Though not yet developed in detail, the proposal demonstrates there is space for the Ayes and Noes lobbies on either side of the chamber all set within the atrium. Richmond House, meanwhile, could be converted into MPs’ offices.
Marcus Binney, executive president of Save Britain’s Heritage, said: “We urge MPs to look seriously at the Hopkins alternative in the interests of avoiding the destruction of Sir William Whitfield’s superb building. Since the Second World War a major battle has had to be fought to save practically every landmark building in Whitehall including the Foreign Office and the Treasury.”
The charity’s director, Henrietta Billings, added: “The Hopkins drawings show that that trashing our modern architectural heritage to make way for a temporary chamber does not have to be inevitable.
“The potential environmental and cost savings from adapting Portcullis House, and re-opening Richmond House for office space rather than almost wholesale demolition and rebuilding are huge.”
She warned that the security arrangements needed to protect a temporary chamber on the Richmond House site could result in an eyesore beside the Cenotaph.
Save has also written to the Restoration & Renewal shadow sponsor board chaired by Liz Peace which acts as the client for Parliament and oversees the work of the delivery authority.
AHMM and BDP were appointed to the £500m Northern Estates programme in November 2016, with the former taking the Richmond House job while BDP got the rest of the project to revamp a number of other buildings in Westminster.
AHMM was also the architect of the new Met Police building directly behind Richmond House.
A spokesman for Parliament said: “Parliament is developing plans for the temporary relocation approved by both houses earlier this year, to enable the restoration and renewal of the grade I-listed Palace of Westminster. The House of Commons will relocate to Parliament’s Northern Estate, which includes Richmond House. In January 2018 the House of Commons Commission endorsed making best use of the Richmond House site, but design work is at an early stage and no firm decisions have been made. Any changes to Richmond House will be subject to planning and listed building consent processes.

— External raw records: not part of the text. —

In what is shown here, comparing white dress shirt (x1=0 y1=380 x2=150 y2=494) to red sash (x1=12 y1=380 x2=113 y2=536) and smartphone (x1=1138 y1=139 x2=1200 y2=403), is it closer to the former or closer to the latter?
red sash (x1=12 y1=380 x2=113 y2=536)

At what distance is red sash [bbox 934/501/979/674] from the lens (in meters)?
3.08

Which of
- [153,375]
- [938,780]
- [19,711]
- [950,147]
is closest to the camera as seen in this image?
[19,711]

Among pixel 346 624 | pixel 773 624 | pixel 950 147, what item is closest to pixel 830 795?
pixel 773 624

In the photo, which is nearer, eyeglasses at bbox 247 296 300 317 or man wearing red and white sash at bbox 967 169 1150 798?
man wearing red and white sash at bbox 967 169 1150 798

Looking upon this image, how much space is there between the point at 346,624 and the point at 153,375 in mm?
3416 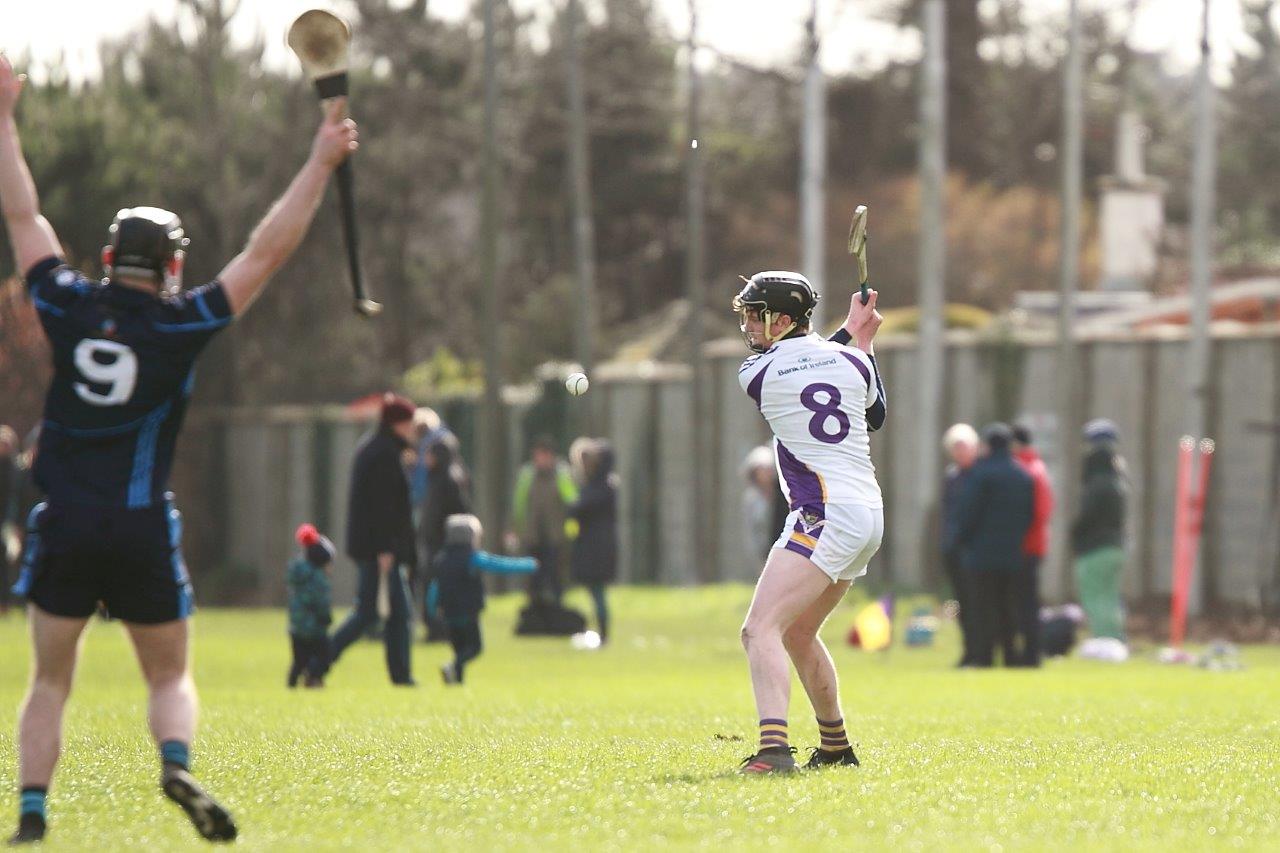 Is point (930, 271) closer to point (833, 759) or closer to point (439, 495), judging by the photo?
point (439, 495)

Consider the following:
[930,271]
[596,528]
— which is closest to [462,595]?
[596,528]

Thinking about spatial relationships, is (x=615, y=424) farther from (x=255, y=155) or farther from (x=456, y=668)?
(x=456, y=668)

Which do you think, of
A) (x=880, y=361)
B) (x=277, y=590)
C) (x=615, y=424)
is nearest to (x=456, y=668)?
(x=880, y=361)

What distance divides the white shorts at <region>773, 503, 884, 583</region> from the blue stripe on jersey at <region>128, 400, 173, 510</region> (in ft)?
8.73

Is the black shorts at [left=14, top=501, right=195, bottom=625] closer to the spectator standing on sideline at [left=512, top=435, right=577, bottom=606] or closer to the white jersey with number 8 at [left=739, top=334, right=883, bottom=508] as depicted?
the white jersey with number 8 at [left=739, top=334, right=883, bottom=508]

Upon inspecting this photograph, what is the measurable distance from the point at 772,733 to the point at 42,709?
279 cm

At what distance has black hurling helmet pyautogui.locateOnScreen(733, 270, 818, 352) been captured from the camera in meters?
9.09

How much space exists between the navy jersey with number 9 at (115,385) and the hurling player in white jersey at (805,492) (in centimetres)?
255

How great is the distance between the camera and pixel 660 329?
51.9 metres

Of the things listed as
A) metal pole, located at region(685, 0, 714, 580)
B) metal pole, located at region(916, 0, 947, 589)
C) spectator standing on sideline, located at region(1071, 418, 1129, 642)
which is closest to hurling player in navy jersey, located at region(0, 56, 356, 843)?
spectator standing on sideline, located at region(1071, 418, 1129, 642)

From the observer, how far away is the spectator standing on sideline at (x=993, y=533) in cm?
1850

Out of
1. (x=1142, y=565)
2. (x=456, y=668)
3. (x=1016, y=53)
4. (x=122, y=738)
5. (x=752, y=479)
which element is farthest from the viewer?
A: (x=1016, y=53)

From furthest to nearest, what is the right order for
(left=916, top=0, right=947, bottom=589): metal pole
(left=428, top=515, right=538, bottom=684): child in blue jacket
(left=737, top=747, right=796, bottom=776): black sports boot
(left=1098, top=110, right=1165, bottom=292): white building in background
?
1. (left=1098, top=110, right=1165, bottom=292): white building in background
2. (left=916, top=0, right=947, bottom=589): metal pole
3. (left=428, top=515, right=538, bottom=684): child in blue jacket
4. (left=737, top=747, right=796, bottom=776): black sports boot

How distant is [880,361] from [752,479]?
10576 mm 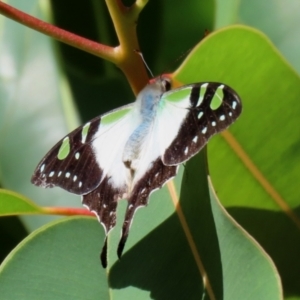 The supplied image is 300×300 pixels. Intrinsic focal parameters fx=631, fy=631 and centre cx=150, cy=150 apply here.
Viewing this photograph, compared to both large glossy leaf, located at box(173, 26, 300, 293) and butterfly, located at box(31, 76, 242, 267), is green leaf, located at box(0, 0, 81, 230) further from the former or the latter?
large glossy leaf, located at box(173, 26, 300, 293)

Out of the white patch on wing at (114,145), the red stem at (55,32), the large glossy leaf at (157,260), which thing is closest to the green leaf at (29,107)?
the white patch on wing at (114,145)

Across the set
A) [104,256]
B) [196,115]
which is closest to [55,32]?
[196,115]

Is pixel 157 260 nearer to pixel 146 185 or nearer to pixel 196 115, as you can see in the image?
pixel 146 185

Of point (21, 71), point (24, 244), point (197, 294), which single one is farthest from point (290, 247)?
point (21, 71)

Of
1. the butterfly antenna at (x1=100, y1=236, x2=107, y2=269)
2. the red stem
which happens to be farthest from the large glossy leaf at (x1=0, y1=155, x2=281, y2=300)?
the red stem

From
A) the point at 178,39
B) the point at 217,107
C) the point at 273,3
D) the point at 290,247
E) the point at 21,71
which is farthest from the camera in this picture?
the point at 21,71

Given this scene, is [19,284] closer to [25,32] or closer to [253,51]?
[253,51]

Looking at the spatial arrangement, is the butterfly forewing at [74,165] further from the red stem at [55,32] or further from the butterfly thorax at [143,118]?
the red stem at [55,32]

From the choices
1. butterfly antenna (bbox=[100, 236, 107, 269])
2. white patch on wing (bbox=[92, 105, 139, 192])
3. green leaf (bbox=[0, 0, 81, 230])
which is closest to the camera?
butterfly antenna (bbox=[100, 236, 107, 269]) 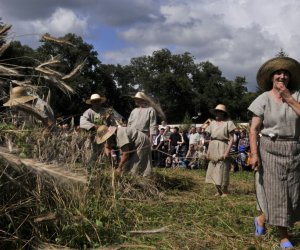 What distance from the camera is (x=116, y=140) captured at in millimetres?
7727

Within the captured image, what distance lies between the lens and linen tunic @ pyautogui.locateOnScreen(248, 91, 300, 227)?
4586 millimetres

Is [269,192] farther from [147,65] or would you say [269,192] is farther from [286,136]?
[147,65]

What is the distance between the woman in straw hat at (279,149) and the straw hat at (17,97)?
80.2 inches

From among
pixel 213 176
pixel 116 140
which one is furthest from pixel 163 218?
pixel 213 176

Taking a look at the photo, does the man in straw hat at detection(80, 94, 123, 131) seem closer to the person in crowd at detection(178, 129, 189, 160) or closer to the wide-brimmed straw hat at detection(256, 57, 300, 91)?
the wide-brimmed straw hat at detection(256, 57, 300, 91)

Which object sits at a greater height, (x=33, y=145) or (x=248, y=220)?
(x=33, y=145)

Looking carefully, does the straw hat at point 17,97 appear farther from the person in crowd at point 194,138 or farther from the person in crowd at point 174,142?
the person in crowd at point 174,142

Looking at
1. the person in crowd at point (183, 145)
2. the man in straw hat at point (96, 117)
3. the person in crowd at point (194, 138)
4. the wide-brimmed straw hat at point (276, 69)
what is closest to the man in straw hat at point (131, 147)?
the man in straw hat at point (96, 117)

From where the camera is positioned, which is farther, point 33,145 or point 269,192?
point 269,192

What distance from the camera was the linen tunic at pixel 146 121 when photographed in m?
8.18

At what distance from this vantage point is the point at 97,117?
822cm

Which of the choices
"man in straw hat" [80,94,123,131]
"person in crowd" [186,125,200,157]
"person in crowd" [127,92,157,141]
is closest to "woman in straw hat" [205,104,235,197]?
"person in crowd" [127,92,157,141]

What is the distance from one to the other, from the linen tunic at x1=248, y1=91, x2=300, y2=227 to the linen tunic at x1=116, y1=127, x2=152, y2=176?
Result: 3167 mm

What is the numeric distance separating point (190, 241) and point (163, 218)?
45.0 inches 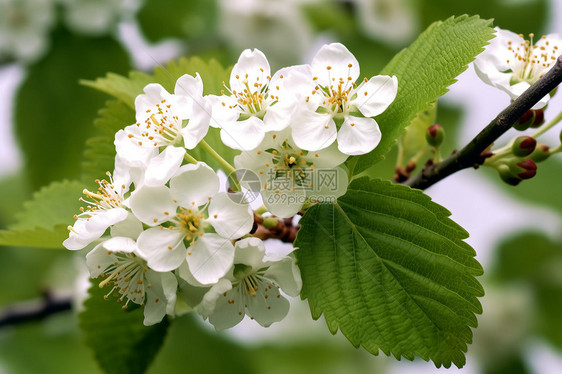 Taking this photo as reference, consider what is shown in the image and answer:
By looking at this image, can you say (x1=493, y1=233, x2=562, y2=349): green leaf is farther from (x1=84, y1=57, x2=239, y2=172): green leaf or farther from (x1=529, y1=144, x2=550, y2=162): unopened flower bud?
(x1=84, y1=57, x2=239, y2=172): green leaf

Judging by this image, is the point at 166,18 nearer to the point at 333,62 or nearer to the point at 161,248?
the point at 333,62

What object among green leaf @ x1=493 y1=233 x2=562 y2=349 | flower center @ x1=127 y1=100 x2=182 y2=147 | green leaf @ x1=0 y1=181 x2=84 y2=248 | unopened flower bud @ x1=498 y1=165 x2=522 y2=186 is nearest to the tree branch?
unopened flower bud @ x1=498 y1=165 x2=522 y2=186

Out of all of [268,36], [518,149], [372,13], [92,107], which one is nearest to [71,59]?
[92,107]

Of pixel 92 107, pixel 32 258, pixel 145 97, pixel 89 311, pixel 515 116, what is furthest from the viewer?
pixel 32 258

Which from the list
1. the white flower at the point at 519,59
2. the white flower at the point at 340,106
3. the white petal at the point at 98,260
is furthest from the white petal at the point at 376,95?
the white petal at the point at 98,260

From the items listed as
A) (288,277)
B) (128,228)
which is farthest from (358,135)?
(128,228)

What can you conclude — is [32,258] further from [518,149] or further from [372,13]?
[518,149]

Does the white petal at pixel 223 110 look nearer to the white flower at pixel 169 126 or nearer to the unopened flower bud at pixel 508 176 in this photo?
the white flower at pixel 169 126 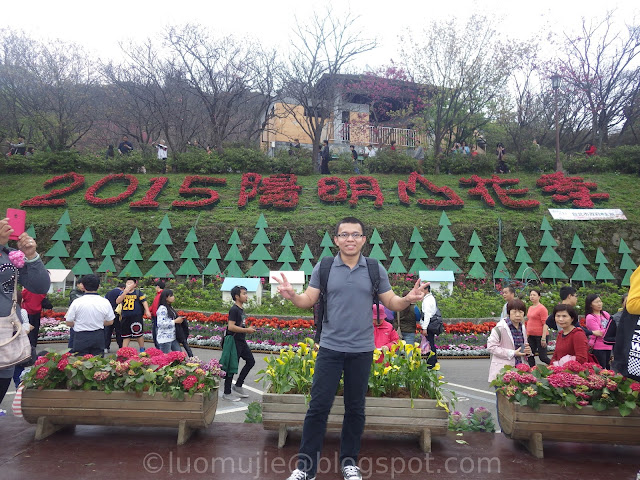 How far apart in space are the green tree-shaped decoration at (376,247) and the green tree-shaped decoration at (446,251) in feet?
6.57

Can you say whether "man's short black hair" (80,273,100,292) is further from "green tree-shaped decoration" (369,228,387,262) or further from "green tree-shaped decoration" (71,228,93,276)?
"green tree-shaped decoration" (369,228,387,262)

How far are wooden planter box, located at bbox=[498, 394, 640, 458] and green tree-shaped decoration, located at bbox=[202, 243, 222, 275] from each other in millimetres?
13265

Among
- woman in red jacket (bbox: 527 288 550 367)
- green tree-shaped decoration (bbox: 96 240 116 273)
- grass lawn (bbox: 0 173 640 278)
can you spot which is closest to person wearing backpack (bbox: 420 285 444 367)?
woman in red jacket (bbox: 527 288 550 367)

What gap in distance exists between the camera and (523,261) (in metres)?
17.1

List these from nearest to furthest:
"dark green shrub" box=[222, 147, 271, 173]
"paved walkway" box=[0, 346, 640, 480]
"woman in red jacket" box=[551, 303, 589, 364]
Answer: "paved walkway" box=[0, 346, 640, 480], "woman in red jacket" box=[551, 303, 589, 364], "dark green shrub" box=[222, 147, 271, 173]

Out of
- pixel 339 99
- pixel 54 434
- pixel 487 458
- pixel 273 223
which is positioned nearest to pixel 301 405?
pixel 487 458

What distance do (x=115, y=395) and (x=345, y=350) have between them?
228cm

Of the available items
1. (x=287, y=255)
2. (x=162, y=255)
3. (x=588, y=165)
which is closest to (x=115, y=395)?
(x=287, y=255)

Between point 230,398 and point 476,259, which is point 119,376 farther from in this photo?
point 476,259

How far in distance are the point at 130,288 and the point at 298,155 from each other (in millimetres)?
16743

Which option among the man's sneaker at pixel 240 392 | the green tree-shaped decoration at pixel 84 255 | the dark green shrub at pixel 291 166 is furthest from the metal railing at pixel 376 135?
the man's sneaker at pixel 240 392

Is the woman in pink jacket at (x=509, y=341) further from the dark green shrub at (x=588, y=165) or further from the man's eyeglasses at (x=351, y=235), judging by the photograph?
the dark green shrub at (x=588, y=165)

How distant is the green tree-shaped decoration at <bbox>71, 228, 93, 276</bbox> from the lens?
1645 centimetres

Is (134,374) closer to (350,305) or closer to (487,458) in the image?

“A redeveloped Richmond House will provide the space and facilities needed for the Commons to temporarily move out of the palace during its restoration and renewal, including an operational chamber. As the designs develop, members will decide how the building and facilities should be used or adapted after a return to the Palace of Westminster, including the chamber. The building’s design will be in line with those decisions.”